* **What is required**: An exact copy of the data is needed, one that excludes all pictures.

==============================

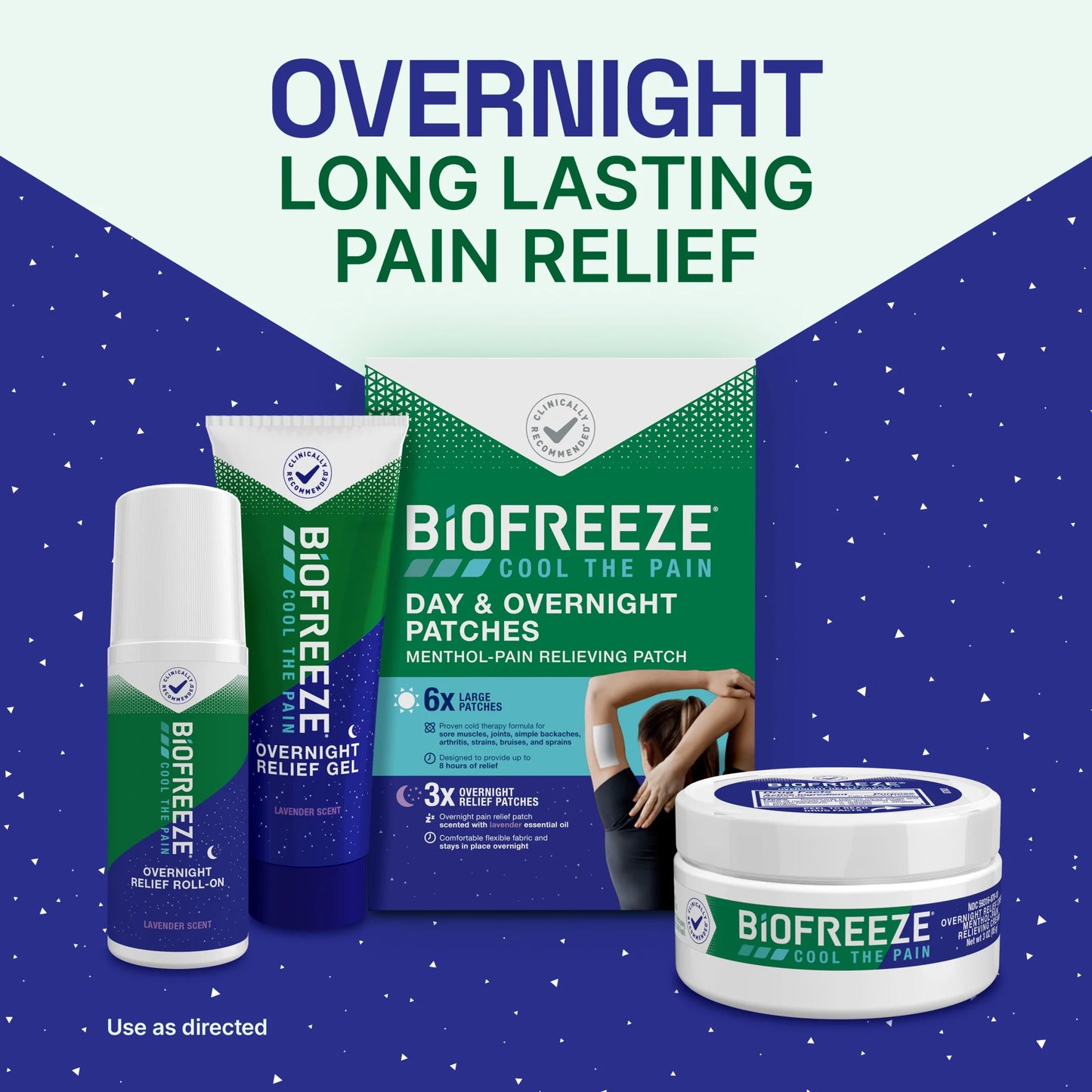 Overnight Pain Relief Gel, Back Knee Muscle Joint Arthritis Pain Relievers, Menthol,3 Oz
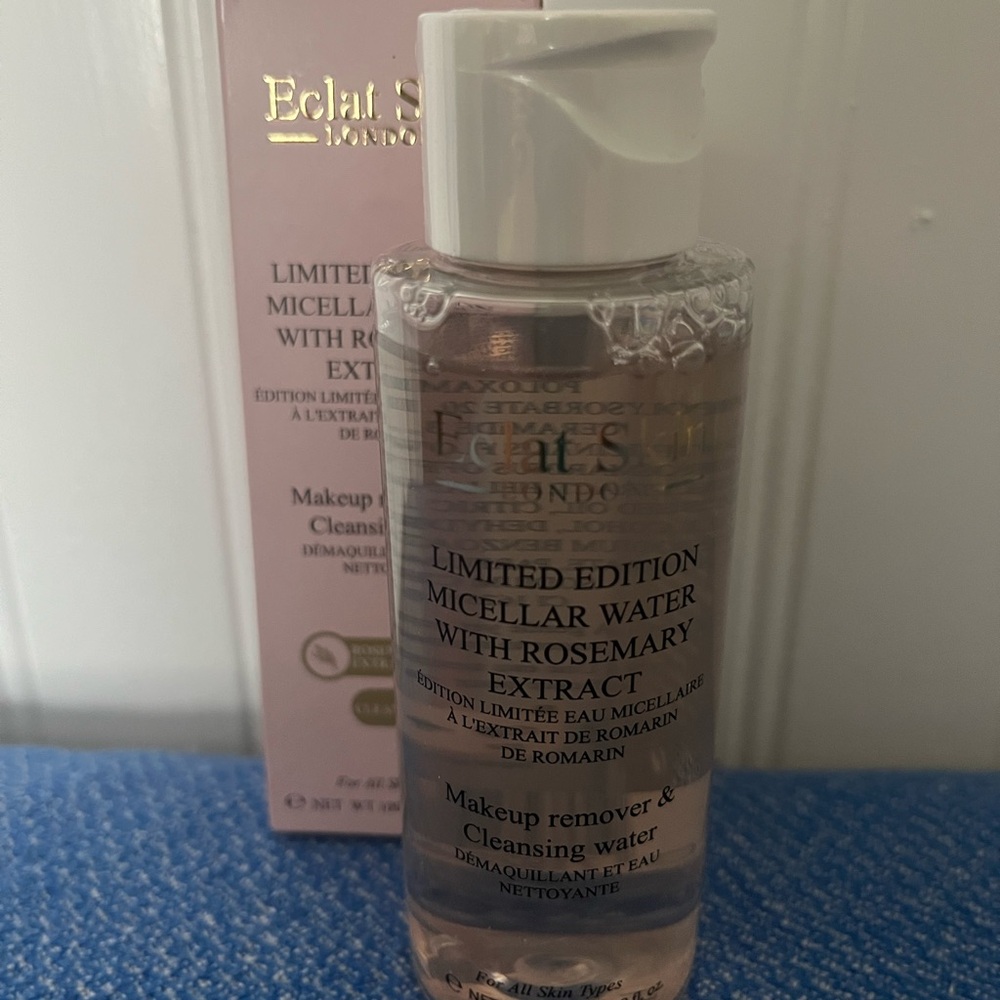 NIB Eclat Skin London Limited Edition Micellar Water with Rosemary Extract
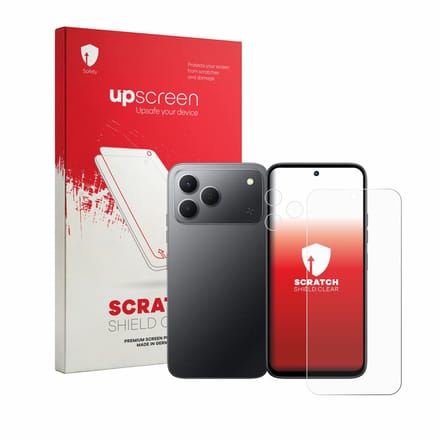 upscreen - Screenprotector voor Tecno Spark 50 4G (Voor+Camera) - Folie Beschermfolie transparant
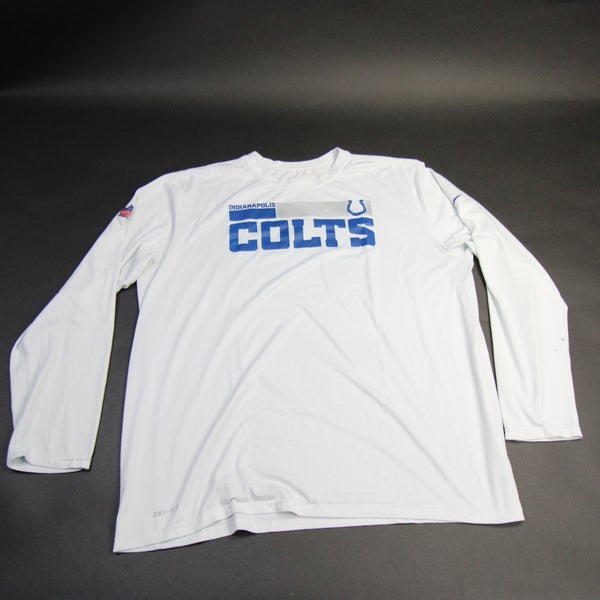 Indianapolis Colts Nike NFL On Field Apparel Long Sleeve Shirt Men's Used  2XL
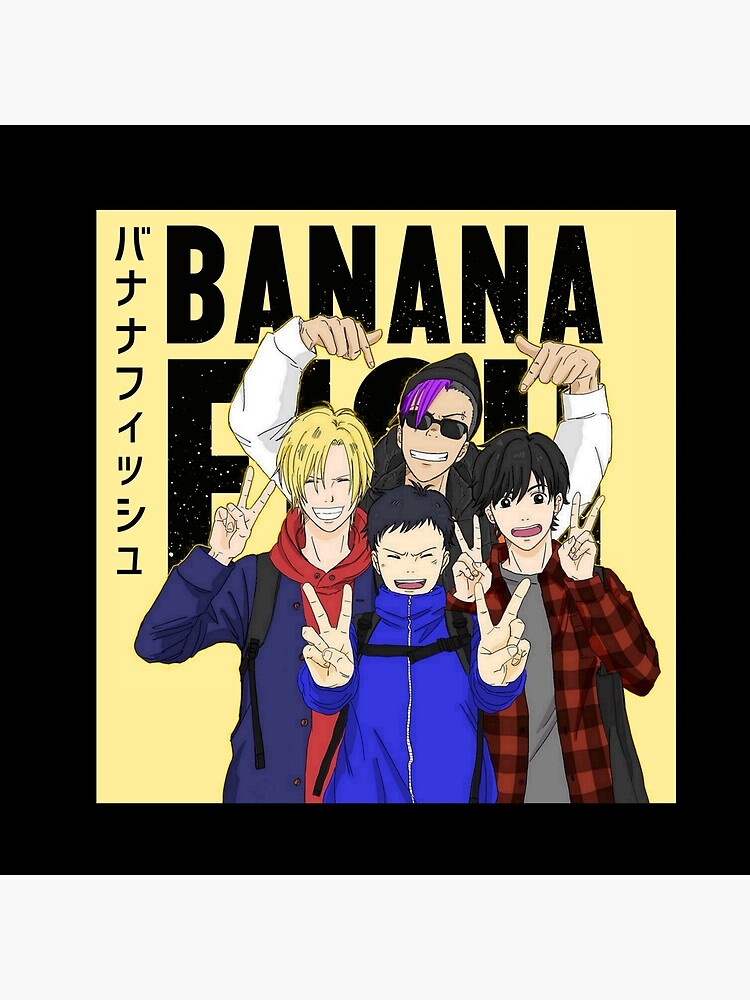 Banana Fish Friend Group Tapestry - Image 2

==============================

* **Answer to the exercise**:
 Overnight Pain Relief Gel, Back Knee Muscle Joint Arthritis Pain Relievers, Menthol,3 Oz
 NIB Eclat Skin London Limited Edition Micellar Water with Rosemary Extract
 upscreen - Screenprotector voor Tecno Spark 50 4G (Voor+Camera) - Folie Beschermfolie transparant
 Indianapolis Colts Nike NFL On Field Apparel Long Sleeve Shirt Men's Used  2XL
 Banana Fish Friend Group Tapestry - Image 2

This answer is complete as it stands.